ブッダの生涯 尼僧

ブッダ物語9 養母と尼僧

ブッダの実の母は、ブッダが生まれて7日後に亡くなってしまいました。

私のような父親目線からみると、母親が亡くなってしまい、父親だけで子供を育てることを考えただけで、泣きそうです。

しかし、当時は一夫多妻(いっぷ・たさい)制、つまり、シュッドーダナ王には、たくさんの妻がおりました。

うらやましい?

いやいや、大変でしょう。
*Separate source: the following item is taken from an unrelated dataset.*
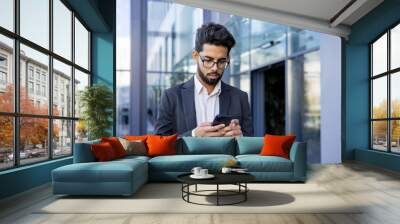 Close-up photo of a young Indian man in a business suit walking on the street near an office center and using a mobile phone. Wall mural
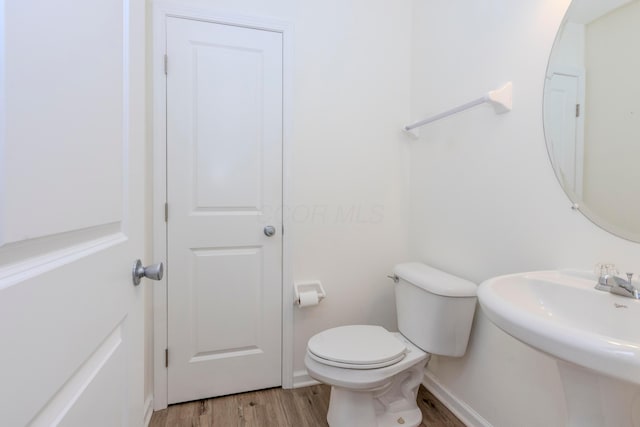 7145 Billy Goat Dr, New Albany, OH 43054 - half bath with wood finished floors and toilet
そっれはそれで(汗)

それらの妻の一人に、マハーパジャーパティー(Mahāpajapatī)・ガウタミーという女性がいました。

ブッダは彼女に育てられたのです。

実は、この方、女性ではじめてブッダの教団の僧侶(そうりょ)になったひとです。

つまり、はじめての尼僧(にそう)さんです。尼(あま)さんとも言われますね。

彼女は、ブッダを我が子のように大切に、大切に育てました。

先の話ですが、ブッダが悟りをひらいて五年後、彼女は女性たちをつれて、ブッダの教団に入団するために、ブッダのもとを訪れます。

彼女たちはそれぞれが持つ理由で、世俗的(せぞくてき)な生活を捨て、ブッダの教団に入ることを望みました。

彼女たちは三度、ブッダに許しを請いましたが、ブッダは三度ともこれを拒(こば)みました。

それでも、彼女たちはあきらめず、ブッダの後を追いました。

そうするうちに、途中でブッダの弟子であるアーナンダ(Ānanda)に出会います。

この方は、メチャメチャ重要なお弟子さんです!この人がいなかったら、われわれにお経やブッダの言葉は伝わっていないでしょう。

アーナンダは、体はホコリにまみれ、足がはれあがった彼女達を見て、非常に哀れんで、ブッダに彼女達の入団を許可してもらえるよう懇願(こんがん)します。

しかし、ブッダは沈黙(ちんもく)したままでした。

アーナンダはたずねます。

「女性は、悟りをひらけないのですか。」

ブッダは答えます。

「そんなことはありません。女性が悟りを開くことは可能です」

こうして、ブッダは、ついに、女性を入団することを許可します。

ブッダが女性差別?

と思われるかもしれません。

そうではありません。むしろ、女性が入団することで、男性が気を取られてしまうことを恐れたのです。

つまり、男ってすぐ誘惑に負けてしまうから...と思っていらしたのですね(笑)

すでに、ブッダの教団は大きくなり、他にもさまざまな人間関係に関する問題をかかえていたのでしょう。

ブッダの教団にとって、女性は非常に重要です。

女性が、仏教教団に大きな寄付をした伝説は多く残っています。